A dozen miles from Maritzburg, on the road which forms the first stage of the great overland journey to the Diamond Fields, is the little town of Hawick, on the river Umgeni, which widens down just beneath it to an exquisitely beautiful fall. Over the brink goes the wide, smooth, waveless sheet of water, in an absolutely straight descent of three hundred and twenty feet. From the highest point of the road above the river, the Drakensberg Mountains, snow-covered, except in the hottest summer, are visible, and though majestic, they are disappointing. They are a splendid range of level lines, far up beyond the floating clouds. ‘I miss,’ says the author, ‘the serrated peaks of the Southern Alps and the grand confusion of the Himalayan range. This is evidently the peculiarity of the mountain formation of South Africa; I noticed it first in Table Mountain at Cape Town; it is repeated in every little hill between Durban and Maritzburg, and carried out on a gigantic scale in this splendid range.’

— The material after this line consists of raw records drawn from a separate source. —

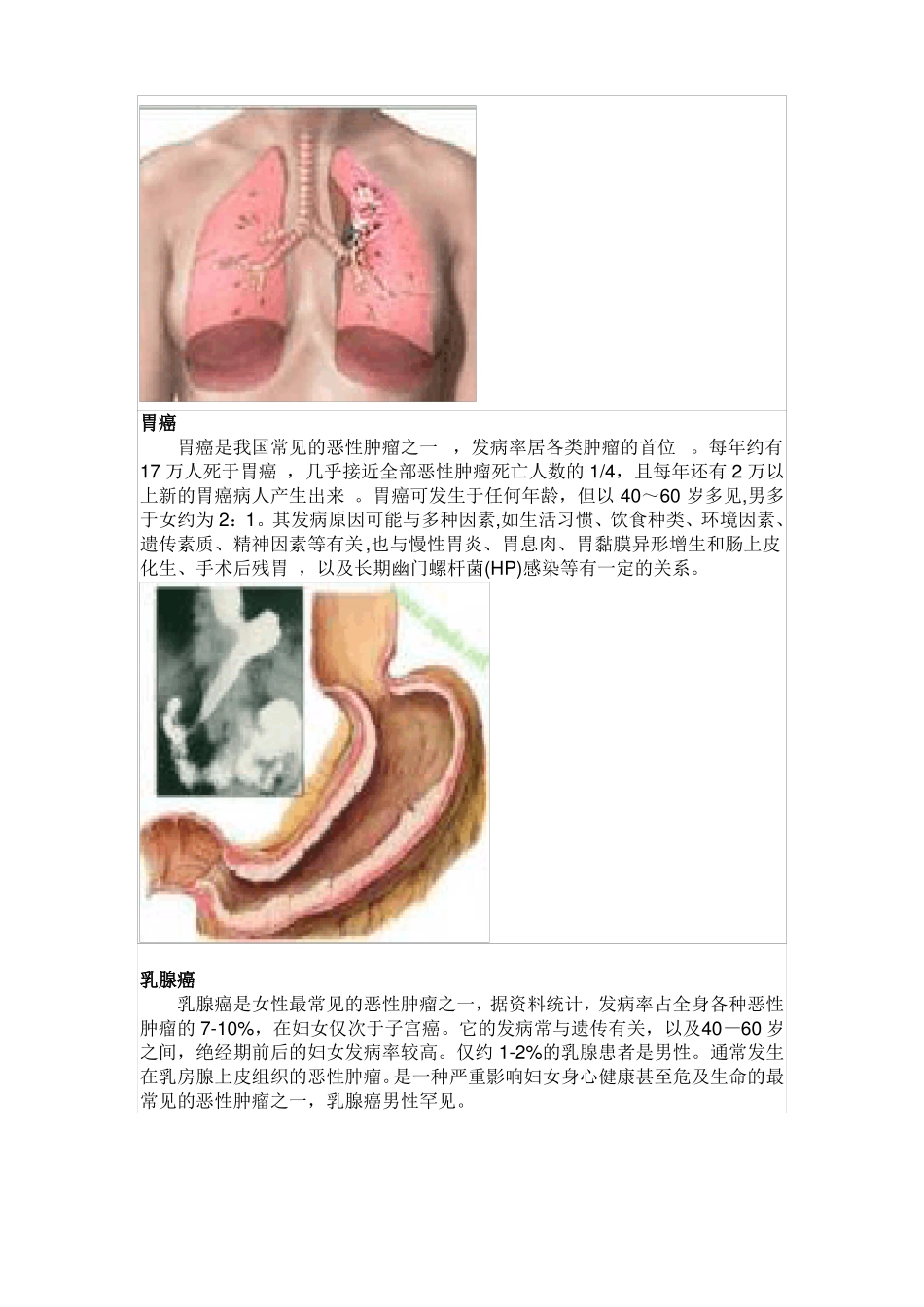 常见的10大恶性肿瘤是哪些_第2页
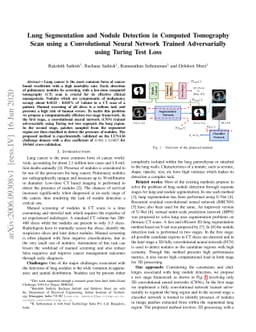 Lung Segmentation and Nodule Detection in Computed Tomography Scan using
  a Convolutional Neural Network Trained Adversarially using Turing Test Loss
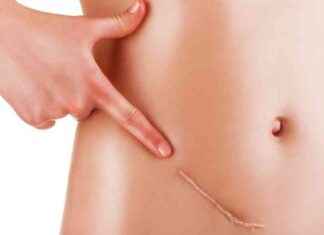 Doğum kontrol hapı yumurtalık kanseri riskini azaltabilir doum-kontrol-hap-yumurtalk-kanseri-riskini-azaltabilir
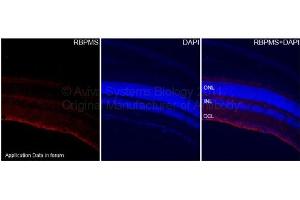 Immunohistochemistry (IHC) image for anti-RNA Binding Protein with Multiple Splicing (RBPMS) (N-Term) antibody (ABIN2778710)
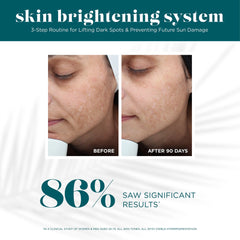 VI Derm Skin Brightening 3-Piece System (Worth $274.00)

Lady Barker made an interesting excursion of over one hundred miles into the Bush, where she saw real savage Kaffir life, splendid forest scenes, and came on traces of the wild animals, which are being rapidly exterminated. With one forest picture we regretfully take leave of this interesting volume: ‘The tall stately trees around, with their smooth magnificent boles, shoot up straight as a willow wand for sixty feet and more before putting forth their crown of leafy branches; the more diminutive undergrowth of gracefulest shrubs and plumy tufts of fern and lovely wild-flowers, violets, clematis, wood anemones, and hepaticas, shewing here and there a modest gleam of colour. But indeed the very mosses and lichens at our feet are a week’s study, and so are the details of the delicate green tracery creeping close to the ground. Up above our heads the foliage is interlaced and woven together by a perfect network of “monkey-ropes,” a stout and sturdy species of liane, which are used by the troops of baboons which live in those great woods, coming down in armies when the mealies are ripe, and carrying off the cobs by armfuls.’ It is spring-tide (September) when Lady Barker lays down her pen; soon, we hope, to resume it, and tell us of the growth of the colony. ‘Everything is bursting hurriedly and luxuriantly into bloom. The young oaks are a mass of tender green, and even the unpoetical blue gums try hard to assume a fresh spring tint. The fruit-trees look like large bouquets of pink blossom, and the loquot trees afford good sport in climbing and stone-throwing amid their cluster of yellow plums. On the veldt the lilies are pushing up their green sheaths and white or scarlet cups through the yet hard ground, and the black hill-slopes are turning a vivid green, and the flowers are springing up in millions all over my field like flower-beds. Spring is always lovely everywhere, but nowhere is it lovelier than in fair Natal.’